■ Instructions to follow
Your answer must be an exact copy of the data below.

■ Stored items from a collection
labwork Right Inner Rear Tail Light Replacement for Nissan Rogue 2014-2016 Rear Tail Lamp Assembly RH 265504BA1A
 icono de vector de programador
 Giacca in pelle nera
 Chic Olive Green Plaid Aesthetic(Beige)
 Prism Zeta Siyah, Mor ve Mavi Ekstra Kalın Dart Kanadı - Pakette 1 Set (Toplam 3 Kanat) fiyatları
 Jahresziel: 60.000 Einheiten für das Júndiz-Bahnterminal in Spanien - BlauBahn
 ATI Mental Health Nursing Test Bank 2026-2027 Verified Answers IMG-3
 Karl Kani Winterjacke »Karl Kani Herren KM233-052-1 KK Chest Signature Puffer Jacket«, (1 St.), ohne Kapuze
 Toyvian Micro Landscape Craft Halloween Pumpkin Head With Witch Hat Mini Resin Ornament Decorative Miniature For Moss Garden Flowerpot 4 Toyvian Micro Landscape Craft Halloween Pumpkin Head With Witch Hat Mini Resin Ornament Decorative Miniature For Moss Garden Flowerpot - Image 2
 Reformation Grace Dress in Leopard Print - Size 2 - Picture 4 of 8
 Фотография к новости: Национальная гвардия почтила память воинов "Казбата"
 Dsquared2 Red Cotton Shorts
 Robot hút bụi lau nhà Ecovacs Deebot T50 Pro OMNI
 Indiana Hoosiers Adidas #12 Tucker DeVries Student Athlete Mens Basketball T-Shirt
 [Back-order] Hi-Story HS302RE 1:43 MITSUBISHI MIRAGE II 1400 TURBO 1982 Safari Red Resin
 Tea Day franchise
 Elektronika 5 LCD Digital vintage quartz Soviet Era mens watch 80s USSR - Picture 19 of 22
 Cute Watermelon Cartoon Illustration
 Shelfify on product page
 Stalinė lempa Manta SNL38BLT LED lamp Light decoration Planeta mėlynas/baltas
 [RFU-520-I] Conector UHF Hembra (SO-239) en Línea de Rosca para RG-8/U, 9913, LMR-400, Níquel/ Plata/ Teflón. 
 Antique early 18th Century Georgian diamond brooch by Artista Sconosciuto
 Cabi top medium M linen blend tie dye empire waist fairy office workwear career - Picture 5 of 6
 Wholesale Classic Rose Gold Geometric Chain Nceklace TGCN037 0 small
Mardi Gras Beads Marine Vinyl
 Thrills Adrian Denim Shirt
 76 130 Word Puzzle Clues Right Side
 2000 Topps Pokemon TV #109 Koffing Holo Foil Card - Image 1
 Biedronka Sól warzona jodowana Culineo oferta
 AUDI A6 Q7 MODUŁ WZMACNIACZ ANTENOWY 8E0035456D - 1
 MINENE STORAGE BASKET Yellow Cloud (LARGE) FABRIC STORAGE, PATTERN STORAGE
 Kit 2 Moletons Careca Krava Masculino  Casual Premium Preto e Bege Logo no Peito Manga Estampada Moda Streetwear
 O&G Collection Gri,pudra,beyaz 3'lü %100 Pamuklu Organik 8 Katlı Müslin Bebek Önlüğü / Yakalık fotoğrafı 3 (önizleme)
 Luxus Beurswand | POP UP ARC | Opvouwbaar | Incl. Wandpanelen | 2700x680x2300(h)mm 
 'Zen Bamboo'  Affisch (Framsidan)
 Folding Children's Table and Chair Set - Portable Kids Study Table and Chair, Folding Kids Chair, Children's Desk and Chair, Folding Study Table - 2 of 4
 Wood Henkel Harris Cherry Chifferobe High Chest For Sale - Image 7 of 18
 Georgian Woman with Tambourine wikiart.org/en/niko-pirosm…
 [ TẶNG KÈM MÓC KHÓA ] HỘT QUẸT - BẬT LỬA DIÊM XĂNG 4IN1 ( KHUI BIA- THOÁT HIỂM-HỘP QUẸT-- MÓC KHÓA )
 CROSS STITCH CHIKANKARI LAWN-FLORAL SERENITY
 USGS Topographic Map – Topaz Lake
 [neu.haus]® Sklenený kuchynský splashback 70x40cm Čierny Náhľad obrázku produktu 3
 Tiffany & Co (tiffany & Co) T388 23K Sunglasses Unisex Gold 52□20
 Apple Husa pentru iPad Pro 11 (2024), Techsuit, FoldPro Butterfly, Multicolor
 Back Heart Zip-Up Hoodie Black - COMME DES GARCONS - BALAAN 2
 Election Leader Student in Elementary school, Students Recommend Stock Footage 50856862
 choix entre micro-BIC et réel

■ Task output
labwork Right Inner Rear Tail Light Replacement for Nissan Rogue 2014-2016 Rear Tail Lamp Assembly RH 265504BA1A
 icono de vector de programador
 Giacca in pelle nera
 Chic Olive Green Plaid Aesthetic(Beige)
 Prism Zeta Siyah, Mor ve Mavi Ekstra Kalın Dart Kanadı - Pakette 1 Set (Toplam 3 Kanat) fiyatları
 Jahresziel: 60.000 Einheiten für das Júndiz-Bahnterminal in Spanien - BlauBahn
 ATI Mental Health Nursing Test Bank 2026-2027 Verified Answers IMG-3
 Karl Kani Winterjacke »Karl Kani Herren KM233-052-1 KK Chest Signature Puffer Jacket«, (1 St.), ohne Kapuze
 Toyvian Micro Landscape Craft Halloween Pumpkin Head With Witch Hat Mini Resin Ornament Decorative Miniature For Moss Garden Flowerpot 4 Toyvian Micro Landscape Craft Halloween Pumpkin Head With Witch Hat Mini Resin Ornament Decorative Miniature For Moss Garden Flowerpot - Image 2
 Reformation Grace Dress in Leopard Print - Size 2 - Picture 4 of 8
 Фотография к новости: Национальная гвардия почтила память воинов "Казбата"
 Dsquared2 Red Cotton Shorts
 Robot hút bụi lau nhà Ecovacs Deebot T50 Pro OMNI
 Indiana Hoosiers Adidas #12 Tucker DeVries Student Athlete Mens Basketball T-Shirt
 [Back-order] Hi-Story HS302RE 1:43 MITSUBISHI MIRAGE II 1400 TURBO 1982 Safari Red Resin
 Tea Day franchise
 Elektronika 5 LCD Digital vintage quartz Soviet Era mens watch 80s USSR - Picture 19 of 22
 Cute Watermelon Cartoon Illustration
 Shelfify on product page
 Stalinė lempa Manta SNL38BLT LED lamp Light decoration Planeta mėlynas/baltas
 [RFU-520-I] Conector UHF Hembra (SO-239) en Línea de Rosca para RG-8/U, 9913, LMR-400, Níquel/ Plata/ Teflón. 
 Antique early 18th Century Georgian diamond brooch by Artista Sconosciuto
 Cabi top medium M linen blend tie dye empire waist fairy office workwear career - Picture 5 of 6
 Wholesale Classic Rose Gold Geometric Chain Nceklace TGCN037 0 small
Mardi Gras Beads Marine Vinyl
 Thrills Adrian Denim Shirt
 76 130 Word Puzzle Clues Right Side
 2000 Topps Pokemon TV #109 Koffing Holo Foil Card - Image 1
 Biedronka Sól warzona jodowana Culineo oferta
 AUDI A6 Q7 MODUŁ WZMACNIACZ ANTENOWY 8E0035456D - 1
 MINENE STORAGE BASKET Yellow Cloud (LARGE) FABRIC STORAGE, PATTERN STORAGE
 Kit 2 Moletons Careca Krava Masculino  Casual Premium Preto e Bege Logo no Peito Manga Estampada Moda Streetwear
 O&G Collection Gri,pudra,beyaz 3'lü %100 Pamuklu Organik 8 Katlı Müslin Bebek Önlüğü / Yakalık fotoğrafı 3 (önizleme)
 Luxus Beurswand | POP UP ARC | Opvouwbaar | Incl. Wandpanelen | 2700x680x2300(h)mm 
 'Zen Bamboo'  Affisch (Framsidan)
 Folding Children's Table and Chair Set - Portable Kids Study Table and Chair, Folding Kids Chair, Children's Desk and Chair, Folding Study Table - 2 of 4
 Wood Henkel Harris Cherry Chifferobe High Chest For Sale - Image 7 of 18
 Georgian Woman with Tambourine wikiart.org/en/niko-pirosm…
 [ TẶNG KÈM MÓC KHÓA ] HỘT QUẸT - BẬT LỬA DIÊM XĂNG 4IN1 ( KHUI BIA- THOÁT HIỂM-HỘP QUẸT-- MÓC KHÓA )
 CROSS STITCH CHIKANKARI LAWN-FLORAL SERENITY
 USGS Topographic Map – Topaz Lake
 [neu.haus]® Sklenený kuchynský splashback 70x40cm Čierny Náhľad obrázku produktu 3
 Tiffany & Co (tiffany & Co) T388 23K Sunglasses Unisex Gold 52□20
 Apple Husa pentru iPad Pro 11 (2024), Techsuit, FoldPro Butterfly, Multicolor
 Back Heart Zip-Up Hoodie Black - COMME DES GARCONS - BALAAN 2
 Election Leader Student in Elementary school, Students Recommend Stock Footage 50856862
 choix entre micro-BIC et réel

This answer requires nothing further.